I am sure you will enjoy it! 

When I posted the link I had only listened to about half of it (I was that anxious to get it up) but I went back and finished and I can tell you it is absolutely wonderful. 

Even though it was in LA there seemed to be an international audience (I think there were a lot of acting students in attendance).  He did take questions from the audience over the half way point but I think there were only 3 people who got questions owing to the fact that BC went into some very lengthy answers and tried I think to provide detailed explanations to their quiries.  After one really lengthy answer (which was just amazing in the way he allowed us into his acting approach) the host said "This is reallly like a Master Class in acting!" and Ben replied something like "Yes, I guess it is - isn't supposed to be?" 

He also joked about being so chatty and really taxing people's bladders and tiring folks out.  At one point when the third person asked their question he said "You don't have to stand during my reply.
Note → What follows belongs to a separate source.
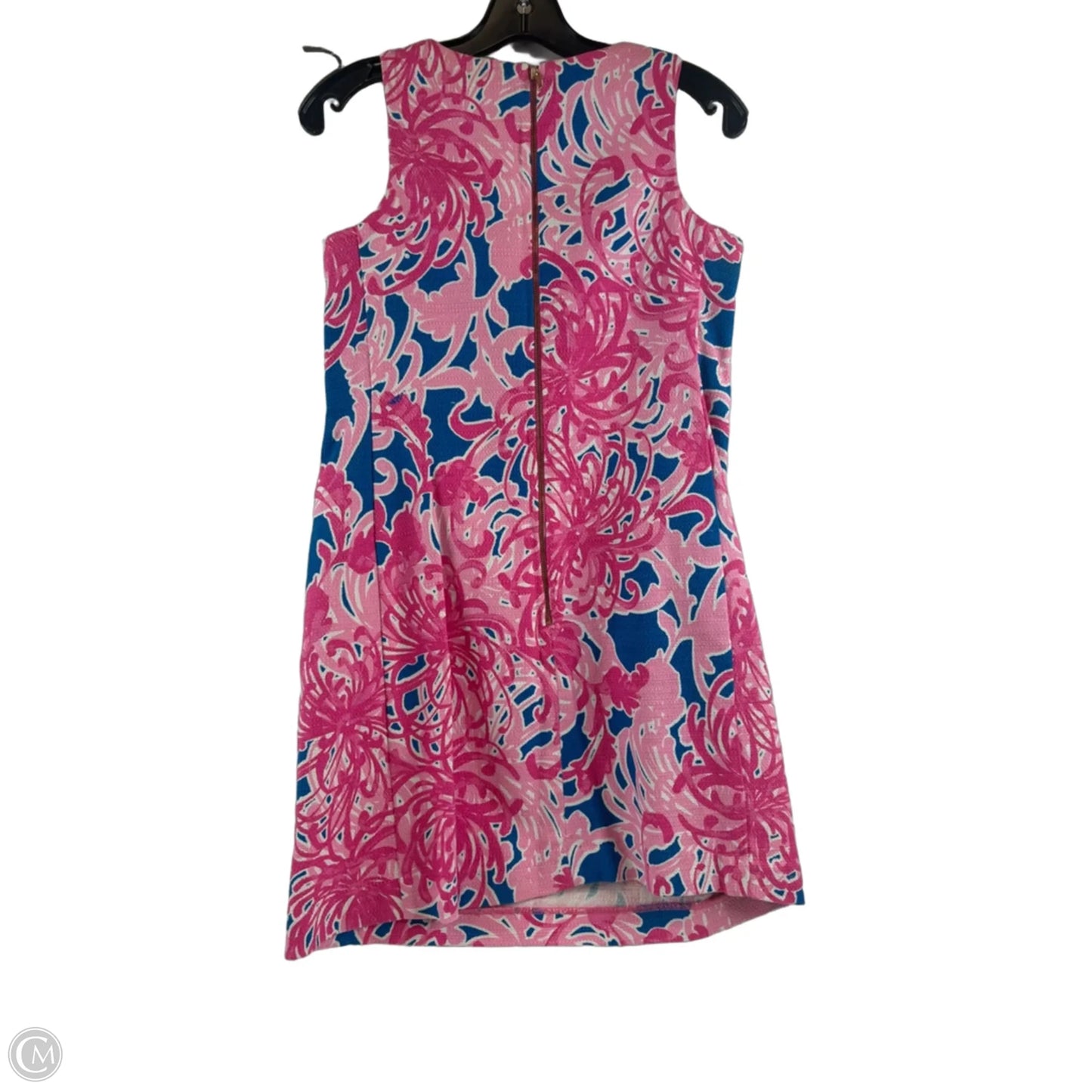 Dress Casual Short By Just Taylor In Blue & Pink, Size: S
Please sit down, my child." And then he immediately apologised for calling her a child (saying it was obvious she wasn't a child at all, etc.) in such a sincere way - I think it is in his nature to quickly apologise for any thing he says that might be perceived as even unintentionally hurting someone's feelings.  It just really struck a chord with me after all the current things.  

At one point he goes into a comprehensive reply about the different forms of acting (Method vs. Classical) and how he employs a range of technics.  Just fascinating in its own to hear his thoughts on the subject but highly entertaining as well.  Just by coincidence I found this bit on the internet about British actors in American movies.  It goes somewhat into the training that classical actors (like Cumberbatch) get as opposed to the sometimes less formal training a number of American actors receive (it is rather broad in its approach but it has a certain point that is interesting).  Ben and Travis touched upon this briefly in their interview.   You can read the article if you like here -

http://insidemovies.ew.com/2015/01/28/selma-british-actors/

When I read it, it reminded me of what Ben had said in this video and how he benefited from having an extensive history of "troding the boards" before he hit it big and why he thought it was so important.  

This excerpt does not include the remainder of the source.